李浩傑突然明白了,段若箐在它還沒跳起時就發現了它,而他卻沒有正確理解她的預警。
是他的錯。
但好在他還有他的隊友,這並不是不能挽救的錯誤。
時雪墨瞄準在空中的角鹿,釋放了一枚冰箭,對段若箐說,「下次說的時候清楚一下,誰聽得懂?」
「你聽不懂嗎?」段若箐反問,她不覺得時雪墨聽不懂,她們那麼有默契!
時雪墨冷漠的回答,「聽不懂。」
段若箐:「……」
時雪墨:yes!爽呆!
角鹿被時雪墨的冰箭打中,但它皮糙肉厚,再加上冰系的凍僵特效,它的身上並沒有出血,而是青紫了一塊,受冰箭的慣性影響,它的身體向一邊歪去,摔在地上,但冰箭的傷害並不能讓它倒下,它很快重新站起,抖抖身體。

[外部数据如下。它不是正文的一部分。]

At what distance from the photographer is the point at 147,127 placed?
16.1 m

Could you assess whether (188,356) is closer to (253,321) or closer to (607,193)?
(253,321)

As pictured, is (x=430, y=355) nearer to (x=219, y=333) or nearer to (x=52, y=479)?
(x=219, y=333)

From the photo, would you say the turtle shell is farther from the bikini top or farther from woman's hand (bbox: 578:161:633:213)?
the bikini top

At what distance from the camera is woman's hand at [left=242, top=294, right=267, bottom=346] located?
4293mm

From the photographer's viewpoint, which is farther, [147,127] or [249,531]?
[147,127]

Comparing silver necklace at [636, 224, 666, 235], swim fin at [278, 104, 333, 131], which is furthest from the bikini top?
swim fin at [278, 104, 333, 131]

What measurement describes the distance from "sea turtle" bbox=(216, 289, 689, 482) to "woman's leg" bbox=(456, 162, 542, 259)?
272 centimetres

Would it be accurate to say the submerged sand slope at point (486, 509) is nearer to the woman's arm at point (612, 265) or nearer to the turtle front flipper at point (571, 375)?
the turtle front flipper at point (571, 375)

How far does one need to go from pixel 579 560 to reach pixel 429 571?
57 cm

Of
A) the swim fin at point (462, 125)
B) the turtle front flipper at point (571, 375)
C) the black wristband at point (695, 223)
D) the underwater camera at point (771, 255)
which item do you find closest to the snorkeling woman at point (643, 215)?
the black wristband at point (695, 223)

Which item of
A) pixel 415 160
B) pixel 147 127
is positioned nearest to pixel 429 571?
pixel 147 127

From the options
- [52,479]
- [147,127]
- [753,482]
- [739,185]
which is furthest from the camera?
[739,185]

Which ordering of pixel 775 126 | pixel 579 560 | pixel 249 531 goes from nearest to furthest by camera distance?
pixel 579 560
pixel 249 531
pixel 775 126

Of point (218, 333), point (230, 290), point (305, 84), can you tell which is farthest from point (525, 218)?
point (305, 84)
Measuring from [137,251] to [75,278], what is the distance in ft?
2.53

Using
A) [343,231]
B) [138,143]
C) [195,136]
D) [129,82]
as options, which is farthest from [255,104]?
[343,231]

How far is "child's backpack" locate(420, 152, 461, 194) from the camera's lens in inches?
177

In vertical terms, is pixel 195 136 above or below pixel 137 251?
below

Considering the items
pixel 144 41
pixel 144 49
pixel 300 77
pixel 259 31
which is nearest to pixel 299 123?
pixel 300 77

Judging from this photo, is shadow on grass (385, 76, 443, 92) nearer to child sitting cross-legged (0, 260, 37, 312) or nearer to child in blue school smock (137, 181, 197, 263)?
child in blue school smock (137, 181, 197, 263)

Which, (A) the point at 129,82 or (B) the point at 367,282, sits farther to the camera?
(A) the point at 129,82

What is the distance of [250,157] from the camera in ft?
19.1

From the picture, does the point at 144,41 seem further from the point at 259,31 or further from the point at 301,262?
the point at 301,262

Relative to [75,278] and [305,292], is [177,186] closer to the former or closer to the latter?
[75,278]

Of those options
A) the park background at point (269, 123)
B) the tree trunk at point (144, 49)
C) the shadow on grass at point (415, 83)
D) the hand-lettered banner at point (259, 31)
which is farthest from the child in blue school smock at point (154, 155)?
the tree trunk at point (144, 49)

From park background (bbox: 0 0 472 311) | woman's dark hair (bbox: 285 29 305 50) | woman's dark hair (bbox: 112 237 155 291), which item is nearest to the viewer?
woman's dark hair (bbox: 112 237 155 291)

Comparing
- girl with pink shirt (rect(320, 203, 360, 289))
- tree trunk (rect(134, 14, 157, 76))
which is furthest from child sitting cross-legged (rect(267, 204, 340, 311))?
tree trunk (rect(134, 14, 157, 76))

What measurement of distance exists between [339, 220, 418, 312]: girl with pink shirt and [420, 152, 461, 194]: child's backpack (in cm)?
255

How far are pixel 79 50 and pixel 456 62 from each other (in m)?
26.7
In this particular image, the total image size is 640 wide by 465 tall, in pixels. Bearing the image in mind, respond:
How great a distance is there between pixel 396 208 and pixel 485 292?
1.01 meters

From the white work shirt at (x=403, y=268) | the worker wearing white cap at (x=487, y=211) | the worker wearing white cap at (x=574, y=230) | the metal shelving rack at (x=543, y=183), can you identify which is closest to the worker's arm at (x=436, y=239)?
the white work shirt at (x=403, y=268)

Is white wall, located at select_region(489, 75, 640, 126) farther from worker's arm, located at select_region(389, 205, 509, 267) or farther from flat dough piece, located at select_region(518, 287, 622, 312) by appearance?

它頭上的角又大又黑,頂端很尖,看著讓人害怕,段若箐毫不懷疑那個角戳在人身上或是鐵皮上能夠輕易的捅出個大洞。
李浩傑放在方向盤上的手驀然攥緊,異能發動,幾根藤蔓從地里鑽出,泥土被拱到一邊。角鹿靈巧的往旁邊一躲,就要躲過攻擊。一直不怎麼說話的姚秋陽趁機放出一記地震術,地面的震動使得角鹿重心不穩,它閃避的動作出現了偏差,最後沒能躲過去,被藤蔓纏住了。
藤蔓上有野蠻生長的倒刺,上面閃爍著毒液的光澤,它纏繞在角鹿身上,扎入角鹿身體更深處,將毒液注射進它的心臟,經由血液循環流經全身各處。
角鹿受毒液影響,哀鳴一聲,雙腿不支,但極力的想穩住自己的身體不跪倒在地。
相一突然打開門,跳下還在行駛汽車,拔出腰間的佩刀,他的技能,段若箐見過,是時雪墨使用過的火焰刀。
不過相一用的氣勢做派看上去比時雪墨正規多了,像是個正經技能。
段若箐立刻扭頭扒著靠背,嘴欠,對時雪墨說,「原來這招你從他這裡偷學的。」
「閉嘴嘴!異能者的技能能叫偷嗎?把那個偷字給我去了!」時雪墨呵斥,「互相學習,才能取長補短。」
段若箐:略略略
相一的火焰刀斜劈,從下到上,給角鹿的上半身到脖頸,開出一個寬約一尺長口,奔騰向外流出的血液被火焰的超高溫度蒸騰干,周圍的肌肉被烤的滋滋作響。
角鹿痛的發了狂,瘋狂的擺動自己的身體。藤蔓被火燒過,纏繞力下降,無法困在它。角鹿頭向下低,頭頂的鹿角黑亮,它的蹄子碾過地面,向著段若箐所在的汽車發起衝鋒。
段若箐想該到了她閃亮出場的時候了,正準備開車門,時雪墨的衣擺從她窗前飄過,一道黑色的身影擋在段若箐座位前面。